Appellant first contends that the evidence was factually insufficient to support the verdict because the fingerprint, as the only physical evidence that linked appellant to the crime, was mishandled by the police and could not have been left at the murder scene due to the manner in which the crime occurred. Because (i) the knife was not identified initially by family members at the time of the murder, (ii) three prints were found on the weapon--only one of which was identified--and (iii) the evidence was "improperly handled" in 1995, appellant urges that the proof of guilt is "so obviously weak as to undermine confidence in the jury's determination" and the proof of guilt is "greatly outweighed by contrary proof." See Johnson v. State, 23 S.W.3d 1, 11 (Tex. Crim. App. 2000).

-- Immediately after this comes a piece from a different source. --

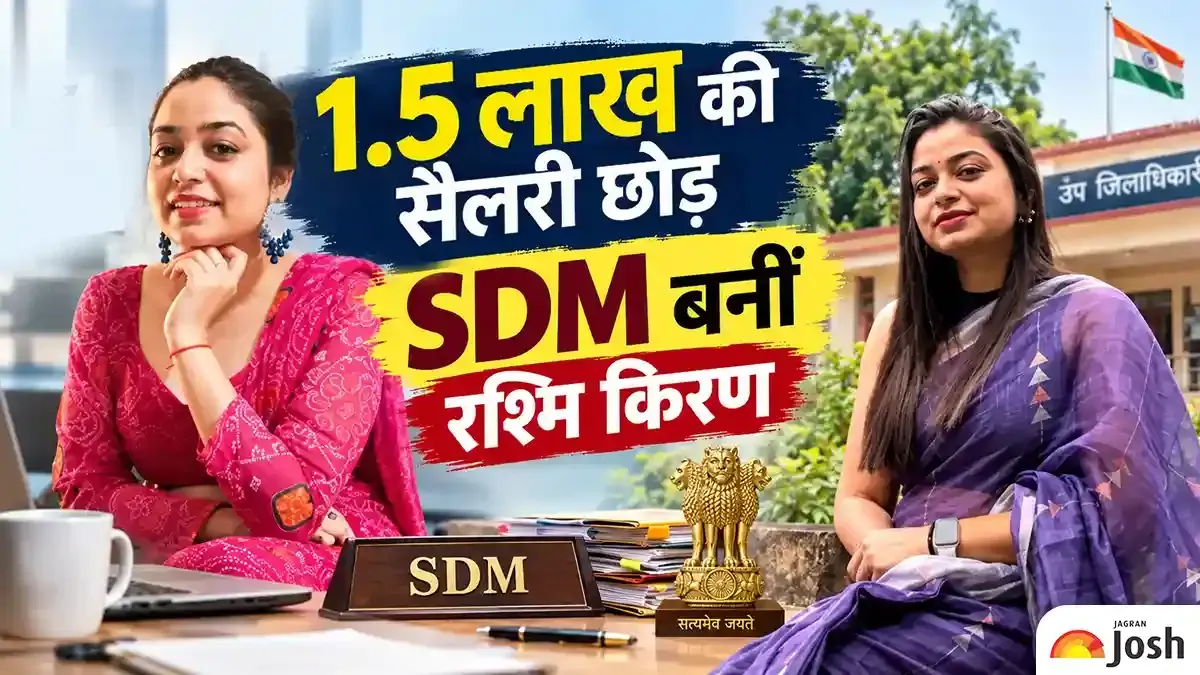 जुनून के आगे फीकी पड़ी 1.5 लाख की सैलरी, बिहार शरीफ की बेटी रश्मि किरण BPSC में बनीं टॉपर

In a factual sufficiency review, we view the evidence in a neutral light and ask whether a jury was rationally justified in finding guilt beyond a reasonable doubt. See Watson v. State, 204 S.W.3d 404, 415 (Tex. Crim. App. 2006). We then determine whether the evidence supporting the verdict is so weak that the verdict is clearly wrong and manifestly unjust or whether the verdict is against the great weight and preponderance of the conflicting evidence. Id. We will not reverse a case on a factual sufficiency challenge unless we can say, with some objective basis in the record, that the great weight and preponderance of the evidence contradicts the jury's verdict. Id. at 417. Under either review, the fact finder is the exclusive judge of the witnesses' credibility and the weight to be given to their testimony. Cain v. State, 958 S.W.2d 404, 408-09 (Tex. Crim. App. 1997).

The State offered extensive testimony about the knife, which the evidence showed was the murder weapon. Austin police officer Robert Jones first testified that he was dispatched to the crime scene at 1700 Riverview Street shortly after 1 a.m. to assist emergency services. He observed the window screens and the knife on the back porch. The neighbor, Rafael Monroy, also observed the screens and knife on the back porch.

Glen Unnasch, a latent print examiner for the Texas Department of Public Safety crime laboratory, testified that he was the supervisor of the latent print section of the laboratory with over thirty-three years of fingerprint identification experience with the DPS. Unnasch explained that after latent prints are lifted they can be photographed and digitized for preservation purposes. He testified that the preserved latent prints are then compared to a set of known impressions or entered into the AFIS for database searches. On October 29, 2002, the AFIS showed a possible match of the knife print to appellant. Unnasch then identified the right thumbprint on the knife as appellant's right thumbprint. Unnasch testified that there were three fingerprints on the knife: a partial fingerprint and a partial palm print that could not be identified and, on the base of the blade, a right thumbprint, which Unnasch had "no doubt" matched appellant. The other two prints remained unidentified.